Critical Condition: Gypsy
Gypsy (Netflix, from today)
➢ “Gypsy can’t decide what kind of show it wants to be. The new Netflix series (**½ out of four) is a psychological thriller starring Naomi Watts as Jean Holloway, a successful Manhattan therapist who inserts herself into the lives of her patients’ friends and family. It’s part mystery, part soapy drama, but it’s so slow that it’s hard to get engaged. And without Watts as a grounding force, it wouldn’t come together at all.” — USA Today.
➢ “Gypsy is a psychological thriller about a woman whose quest for vitality and reinvention renders her certifiably Twin Peaks-y — surreal and lively, with a double life full of dangerous secrets. She’s a puzzle made utterly fascinating by Watts. Created by Lisa Rubin, the series challenges the Can women have it all?question with a complex premise that illuminates the clichéd notion’s oppressiveness.” — Entertainment Weekly.
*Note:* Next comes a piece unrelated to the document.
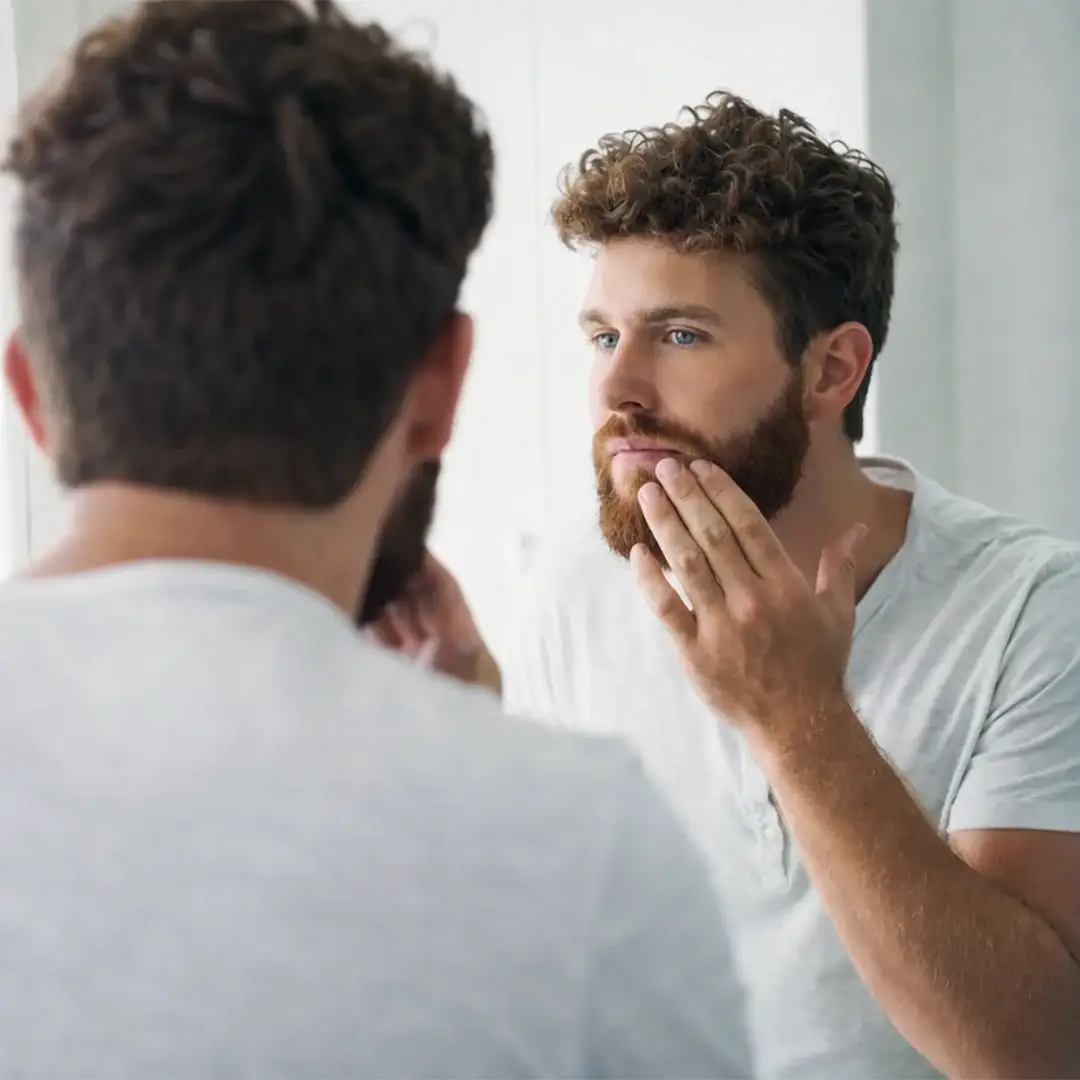 Greffe de poils de barbe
➢ “Watts does a good job of conveying Jean’s simmering frustration and her yearning taste for danger, but the clarity of her performance is not enough to inject the series with sustainable energy. Gypsy is clearly meant to be the tale of a smart adult who likes playing with fire, but it is too somnolent and superficial to ever make her dilemmas ever come alive. Like Jean herself, the viewer is likely to be left wanting more.” — Variety.
➢ “TV is suffering from competence … Mediocre and even awful TV is often technically very good. This leaves you staring at a series like Gypsy, the 10-episode psychosexual thriller that arrives on Netflix Friday, like a what’s-wrong-with-this-picture puzzle. Something’s missing, but the flaw doesn’t leap out at you. The series is elegant, sensitively acted and directed — and an utter snooze.” — New York Times.
➢ “Gypsy frustrates because after nine episodes of tip-toeing and narrative evasion (in contrast to its thematic ham-handedness) … the finale is in an awful big hurry. Backstories are abruptly recited. Rugs are hastily pulled out from under people. Mistakes are made. Basically, the show you probably want Gypsy to be by the third or fourth episode might end up being the second season, and there’s too much psychobabble to wade through to get there.” — The Hollywood Reporter.